The projects, devised by individual companies and partnerships, will explore the potential of different materials and processes in the production of wave energy converters (WECs); devices that convert ocean waves into electricity.
Currently these devices are predominantly made from steel, which is strong and durable but costly and susceptible to corrosion.
Alternative materials have not yet been sufficiently investigated for their longevity in harsh marine conditions. Finding a material that works well in the sea and is cheaper to produce will increase commercial viability of converters.
The WES funded Structural Materials and Manufacturing Process (SMMP) projects will investigate the use of materials such as rubbers, plastics, concrete or combinations of these to build wave energy converters, and then test how well they survive in different sea conditions.
This latest announcement from WES brings the total investment by the organisation in wave energy development to £15 million across 51 projects in less than two years.

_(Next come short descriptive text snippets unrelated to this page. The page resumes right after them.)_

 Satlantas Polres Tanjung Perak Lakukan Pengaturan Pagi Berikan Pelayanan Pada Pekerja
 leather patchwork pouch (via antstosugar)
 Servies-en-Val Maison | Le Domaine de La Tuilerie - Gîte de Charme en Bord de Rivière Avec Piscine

Minister for Business, Innovation and Energy, Paul Wheelhouse said: “Continued innovation is vital in emerging renewable technologies such as wave energy. This funding could result in longer lasting wave converters that are better able to harness the power of the sea and more efficiently turn it into renewable energy.
“Wave energy has great potential to contribute to Scotland’s energy supply and that of the UK and EU and I am aware of the strong interest in the technology in international markets beyond the EU too. If we are able to maximise the economic potential of this important energy resource, there are great opportunities to generate exports to the rest of the world where Scotland is, rightly seen as being at the forefront of the development of the sector.
“I would like to congratulate the successful applicants and look forward, alongside the team of Wave Energy Scotland to seeing the results of their ongoing work.”
Tim Hurst, managing director of Wave Energy Scotland, added: “We were delighted with the huge response to our call for SMMP projects, with many new organisations submitting applications. The successful projects present a superb opportunity to bring further skills and experience that can be shared with others in the WES programmes and make further progress towards commercialising the wave energy sector.”
Wave Energy Scotland was set up as a subsidiary of Highlands and Islands Enterprise (HIE) in December 2014 and is fully funded by the Scottish Government. The organisation is seen as a fresh approach to tackling the issues which have proved challenging in the wave energy sector.